• _REQUIRED ACTION_: Every line containing the string "with" is to be copied from the records.

• _RECORDS PROVIDED_:
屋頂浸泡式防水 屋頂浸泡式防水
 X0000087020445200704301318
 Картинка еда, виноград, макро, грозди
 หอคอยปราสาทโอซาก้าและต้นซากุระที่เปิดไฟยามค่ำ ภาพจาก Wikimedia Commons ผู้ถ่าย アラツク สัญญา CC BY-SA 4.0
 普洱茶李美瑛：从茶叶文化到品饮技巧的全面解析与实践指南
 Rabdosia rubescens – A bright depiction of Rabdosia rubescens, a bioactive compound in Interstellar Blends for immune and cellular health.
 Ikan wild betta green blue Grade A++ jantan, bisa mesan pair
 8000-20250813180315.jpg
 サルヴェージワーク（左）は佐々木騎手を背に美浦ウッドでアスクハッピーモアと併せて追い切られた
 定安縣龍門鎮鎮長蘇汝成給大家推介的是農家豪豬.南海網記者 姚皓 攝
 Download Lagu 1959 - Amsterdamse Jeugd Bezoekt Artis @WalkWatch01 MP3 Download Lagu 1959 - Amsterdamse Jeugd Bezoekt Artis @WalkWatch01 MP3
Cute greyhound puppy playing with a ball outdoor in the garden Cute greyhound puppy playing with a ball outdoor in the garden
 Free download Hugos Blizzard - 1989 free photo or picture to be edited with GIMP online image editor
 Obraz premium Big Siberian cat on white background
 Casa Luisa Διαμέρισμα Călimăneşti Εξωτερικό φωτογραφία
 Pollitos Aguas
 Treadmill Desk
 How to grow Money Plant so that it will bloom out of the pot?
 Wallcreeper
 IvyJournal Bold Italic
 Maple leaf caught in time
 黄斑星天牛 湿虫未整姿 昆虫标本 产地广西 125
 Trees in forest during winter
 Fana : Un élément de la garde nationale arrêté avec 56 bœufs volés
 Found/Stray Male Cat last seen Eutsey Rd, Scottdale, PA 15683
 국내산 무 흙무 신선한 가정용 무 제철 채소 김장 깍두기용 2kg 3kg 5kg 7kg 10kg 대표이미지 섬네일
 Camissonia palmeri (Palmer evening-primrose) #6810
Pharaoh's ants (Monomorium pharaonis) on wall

• _WORKED SOLUTION_:
Cute greyhound puppy playing with a ball outdoor in the garden Cute greyhound puppy playing with a ball outdoor in the garden
 Free download Hugos Blizzard - 1989 free photo or picture to be edited with GIMP online image editor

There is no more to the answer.